My point? That the public is being once more manipulated by politicians using the public's natural aversion to personal success or the pursue of it. The idea that the "rich" must pay for the "poor" by taking half of their personal income away then mismanage it on education revolution or sending funds to rogue nations or shamelessly squandering it and sell farms to China ignoring local bidders. 
The " Abolish the negative gearing" movement is based on a fallacy that it is a get rich scheme abused by the wealty. The fact is that a property that makes a loss is a burden and a long term gamble not necessarily that brilliant of a scheme. if you lose money and your marginal tax rate is low your losses are even higher. If you are on the top tax bracket you only recover half of your losses through negative gearing.
The negative gearing haters also seem to miss that it is well understood and widely used by every business under the sun. The reason people hate it is because it is seen as a PERSONAL method to reduce the tax bill. And that introduces the personal variable that allows it to be labelled as "immoral" ... "unfair" and all the other emotional buttons. The fact that it is a business tool, and that far from recovering your losses gives you back 50% at best and most probably way less in practice is missed. Don't let the truth get in the way of a good story... 
And the last point that is rather obvious is that even in a forum that deals with property, no one seems to understand that rental property in Australia is 95% in the hands of single rental property owners. That means that the vast majority of investment owners are amateurs, and far from rich. Or ... like in the case of politicians who never had a real job and that find themselves overnight with a high salary courtesy of the taxpayer, run to buy a high end rental property and negatively gear it against their salary thinking they are very smart in doing so. 
There are a few that own 2, very few that own more than 2 and a handful of companies that own a few hundreds and I know of one company that owns 1240 properties. Most multiple property owners do not buy negatively geared.
So in brief, changes to negative gearing will affect almost exclusively those who buy a rental by impulse without much planning and that hope some time in the future to make a capital gain to pay off their own home.  
So much for the high moral ground ... or the low moral ground for that matter.

----------


## Black Cat

Marc, apparently your response to reasoned argument is to start name-calling. I am going to assume this thread is just about you letting off steam because your personal financial structure is under threat ATM. Go for it. But please respect the right of others to have an opinion that differs from yours. Especially when that opinion is based on personal experiences that differ from yours.

----------


## Marc

If you really need to know I have never had any negatively geared properties. Sure had some that made a small loss from time to time due to unforseen circumstances and by no means is my "financial structure under threat". Hope this satisfies your curiosity.

----------


## r3nov8or

Guys, tame your tomes and head over to Take A Photo Of Something for some fun. Help needed 
Also, they aren't gonna touch NG and CG (much anyway), coz if they do they need to fund more public housing which costs more than they will make. 'Cheaper' private housing will never be cheap enough (serviceable loans) for most that rent. Damn, I wrote a mini-tome.

----------


## Marc

Is there an easy way to upload a photo from your phone without first posting it on facebook or some other website? if you try to post a photo from your computer directly the time you need to spend cropping it and chopping it takes all the fun out of it.

----------


## r3nov8or

> Is there an easy way to upload a photo from your phone without first posting it on facebook or some other website? if you try to post a photo from your computer directly the time you need to spend cropping it and chopping it takes all the fun out of it.
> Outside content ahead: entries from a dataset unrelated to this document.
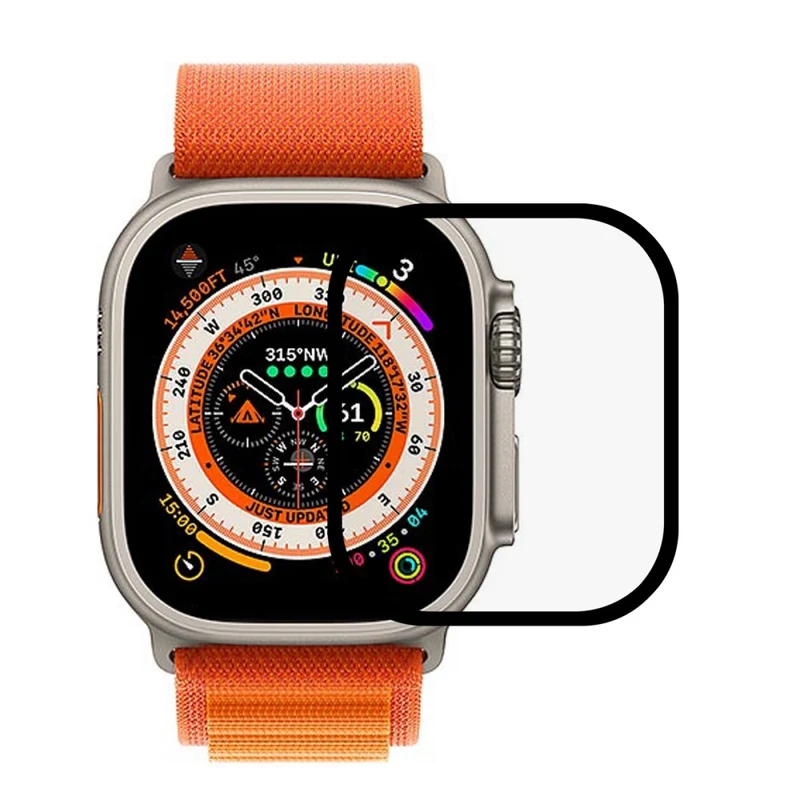 Apple Watch Ultra Plastik Displayschutz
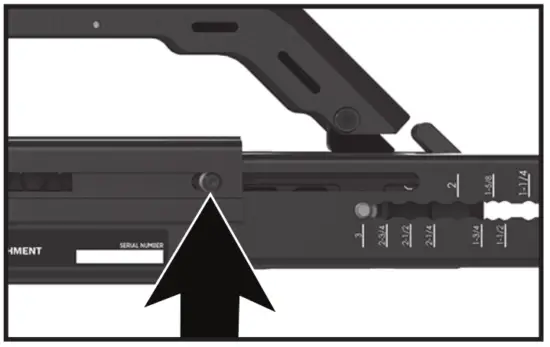 SENCO DS530 Series Auto Feed Screw System Attachment - NOSEPIECE1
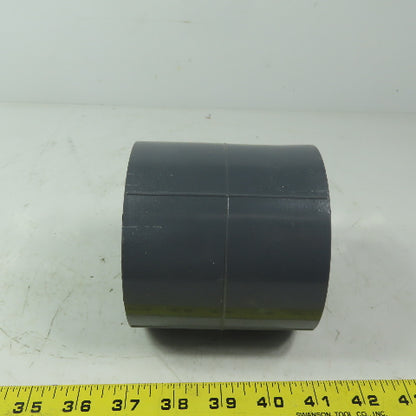 NIBCO 3" FPT x 3" Slip Schedule 80 Gray PVC Straight Pipe Coupling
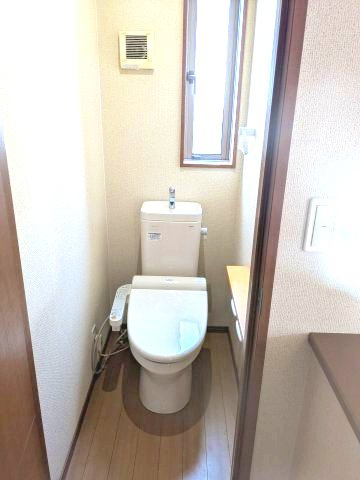 中古戸建　高崎市若田町のトイレ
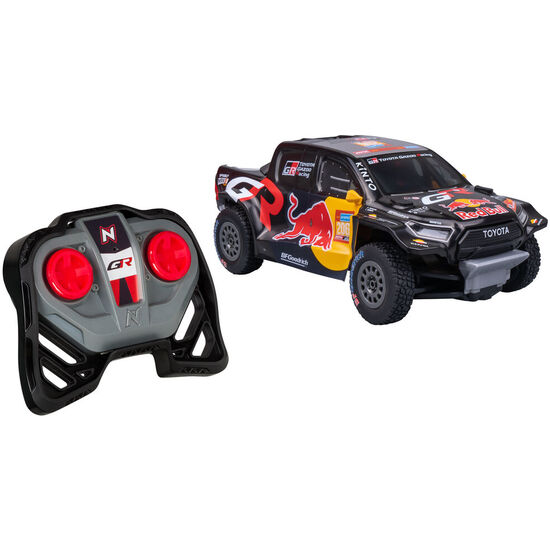 COCHE RADIO CONTROL TOYOTA GAZOO RACING DAKAR image 3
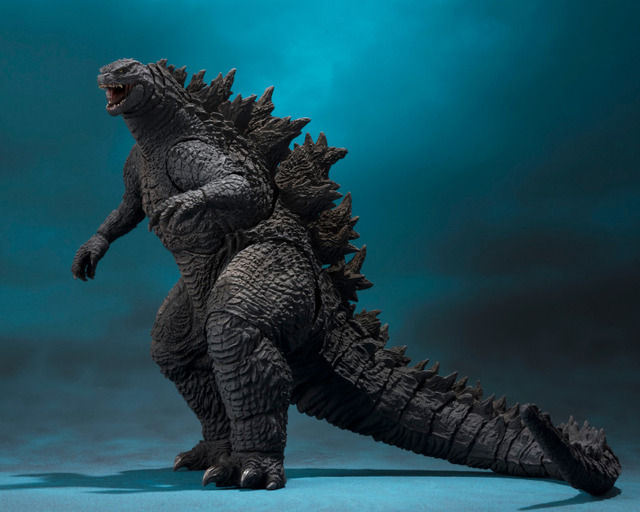 「S.H.MonsterArts ゴジラ（2019）」7,020円（税込）（C）2019 Legendary. All Rights Reserved. TM & （C） TOHO CO., LTD.MONSTERVERSE TM & （C） Legendary　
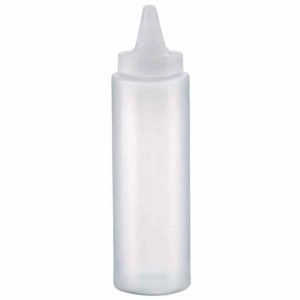 Premium 350ml Transparent Plastic Water Bottle - Leakproof design, perfect for on-the-go hydration. Ideal for sports, gym, and travel.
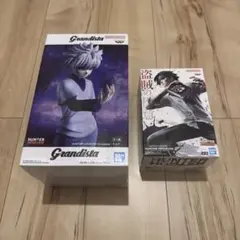 HUNTER×HUNTER キルア　クロロ　フィギュア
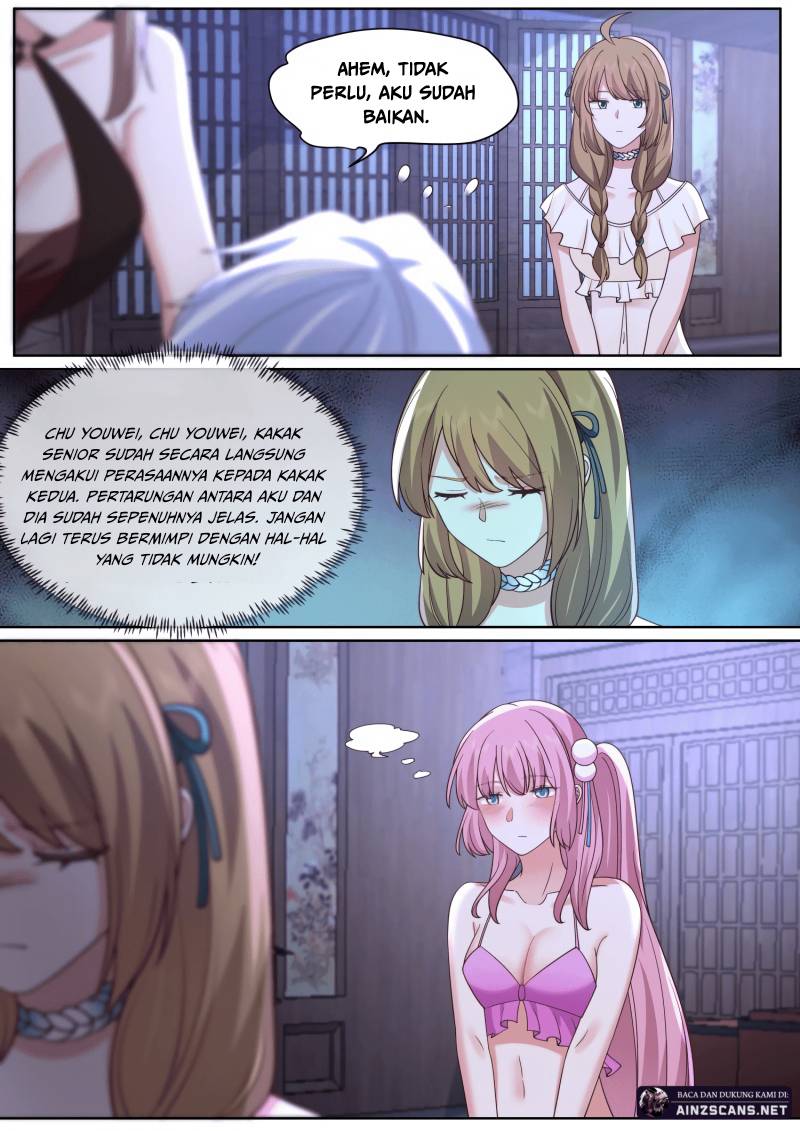 The Great Villain Senior Brother and All of His Yandere Junior Sisters Chapter 91 - halaman 7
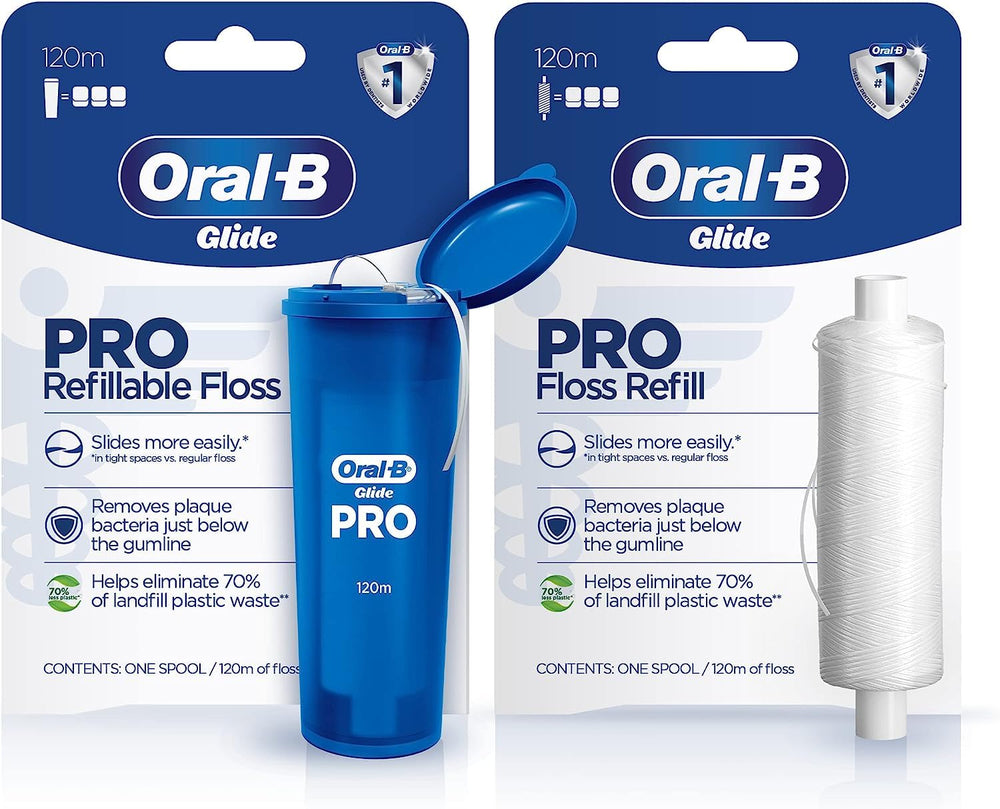 Oral-B Glide PRO refillable floss dispenser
   Try Go Advanced then Manage Attachments, Choose File, Upload. i just tried but the photo was too large, and can't seem to change the size on my phone. Yours may be different.

----------


## Marc

Yes, thought so ... I usually post it to facebook and then straight here, no problems with size, but if I start posting unidentifiable bits I'll get a heap of questions and they come faster than I can delete the photo.  :Smilie:

----------


## woodbe

> Yes, thought so ... I usually post it to facebook and then straight here, no problems with size, but if I start posting unidentifiable bits I'll get a heap of questions and they come faster than I can delete the photo.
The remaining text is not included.